Many of the prisoners were sent to Singapore’s Changi Prison where Torrance and other senior officers shared quarters with Percival. The British officers still had to maintain military discipline among their men.

They faced a very unusual conundrum. Under British military regulations it was a captive soldier’s duty to try to escape, if at all possible, and the Geneva Convention recognized that as a right. However, the Japanese camp commanders made it clear that anyone caught attempting to escape would be executed and that brutal punishments would then be inflicted on all prisoners, whether they were involved in escape plots or not.

The British officers therefore felt they had to discourage escape attempts, in direct contradiction to their official duty.

In August of 1942, Percival and all officers above the rank of colonel were transferred to a camp on the island of Formosa (now Taiwan) which they shared with American PoWs. Men died from the poor diet, malaria and frequent beatings. Many were worked to death. Japanese officers regularly humiliated the British and American officers in front of their men.

Torrance was later sent to a camp in Manchuria where, for a while, treatment of prisoners was better. But that was only for the benefit of a Red Cross inspection.
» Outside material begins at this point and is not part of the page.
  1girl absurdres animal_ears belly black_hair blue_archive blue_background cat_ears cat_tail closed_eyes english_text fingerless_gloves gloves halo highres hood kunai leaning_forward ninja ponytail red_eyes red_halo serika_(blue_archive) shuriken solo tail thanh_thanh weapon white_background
Conditions soon returned to horrific.

Torrance was in a camp in Mukden, Manchuria, when he was finally liberated by Soviet troops after the Japanese surrender and sent to India. He returned to Canada in a very poor state of health.

Torrance had a summer home in the Muskokas and a winter home in Nassau in the Bahamas, but he frequently visited Guelph. He eventually bought the Guelph estate called Ker Cavan that had belonged to the Higinbotham family, to whom he was related.

Torrance died in Nassau on Oct. 15, 1958. He is buried in Woodlawn Memorial Park.

Torrance was among the officers King George VI awarded the Order of the British Empire for courage shown during the siege of Singapore.